The process gets easier, more relaxed, and I think the conversations start to flow a little better too.  When I was doing my M.A. work I used to get all stressed out about the moment when I asked someone if it was OK for me to actually record the interview.  It can be a delicate thing, you know, how you bring up THAT question.  But everyone finds their way.  How do I do it?  I like to have the recorder out early, so people know it’s there.  That’s better, in my experience, than keeping it out of sight and then pulling it on them like a gun at the last moment.  Good god what is THAT?  It’s can actually be pretty intimidating to be interviewed, so it’s good to make things as comfortable as possible.  I think we need to keep these things in mind.  For me, I like to put the recorder out on the table in plain view, during the pre-interview small talk and chit chat, and let people get used to it.  Then, ask them if they’re OK with recording.  And usually, people are fine with it.  If not, it’s no big deal, just take notes in a notebook and roll with it.  I’d be interested to know how other people handle this particular key moment in the interview process, though.  What’s YOUR technique?

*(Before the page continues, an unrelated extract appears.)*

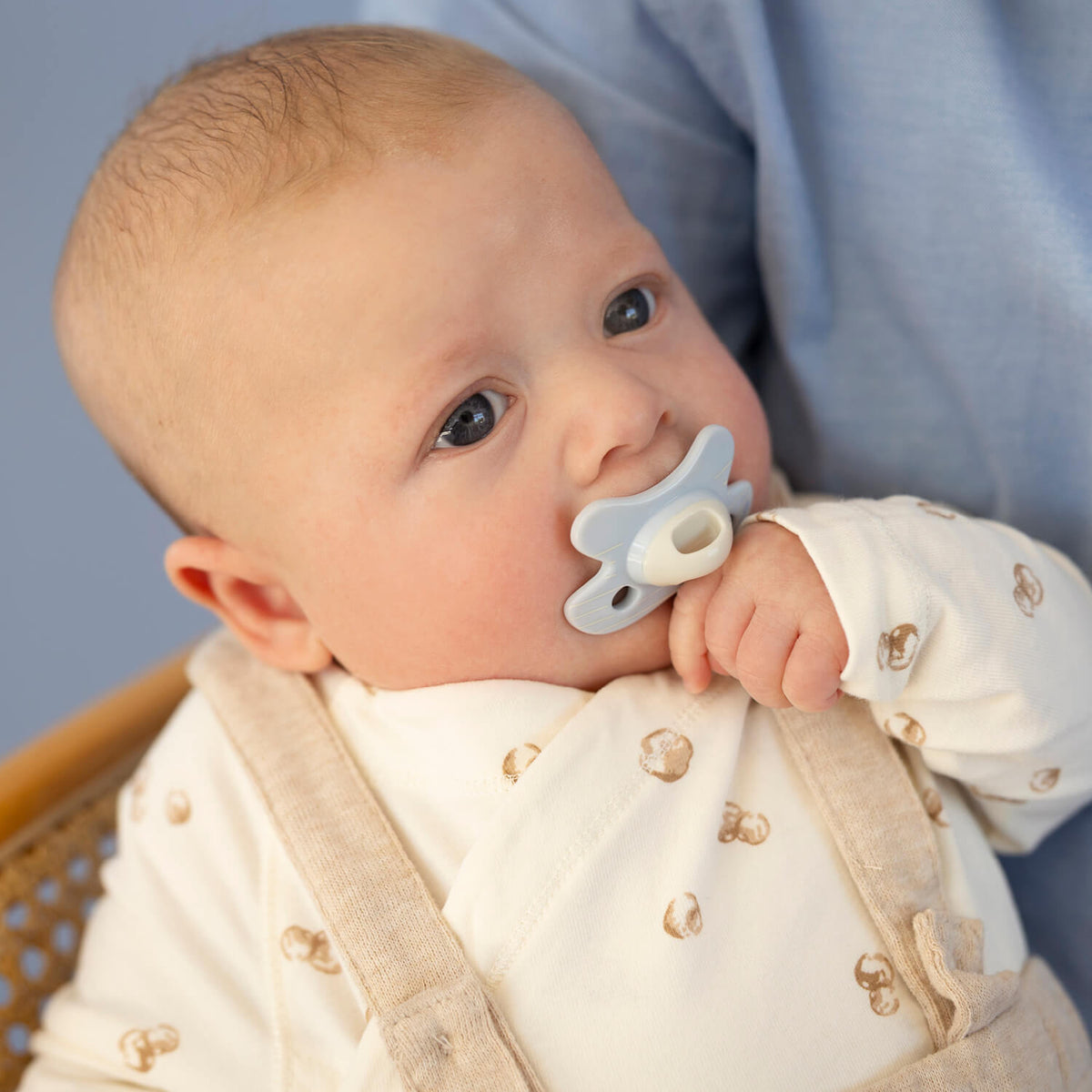 difrax-fopspeen-newborn-natural-little-venture-schnuller-ab-geburt-mit-schmetter image 2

So, a few questions about field notes:  I’m interested to know how different people actually do their field notes.  Do you write all throughout the day?  Do you write every day?  At night?  Do you jot little things in books?  Or do you have a photographic memory?  Do you write NOTHING and plan to remember it all when you write your masterpiece dissertation?  Any favorite types of notebooks that you REALLY NEED TO HAVE to do the anthropology note taking thing?  Sorry for all the questions.  My ever-evolving technique involves jotted reminders in a small book (or sometimes any available scrap piece of paper) and then expanded notes once I get to the computer.  I write most days, but not everyday.  Michael Agar had some really good advice about writing field notes that I really liked: don’t try to record everything under the sun, try to focus things a bit.  For me, it makes some sense.  Some folks have this idea that ethnographers should be writing so many notes that it leaves little time for actually getting out and seeing what’s going on.  What’s the purpose of writing for 8 hours and missing everything that’s going down all around you?  So, once again: balance.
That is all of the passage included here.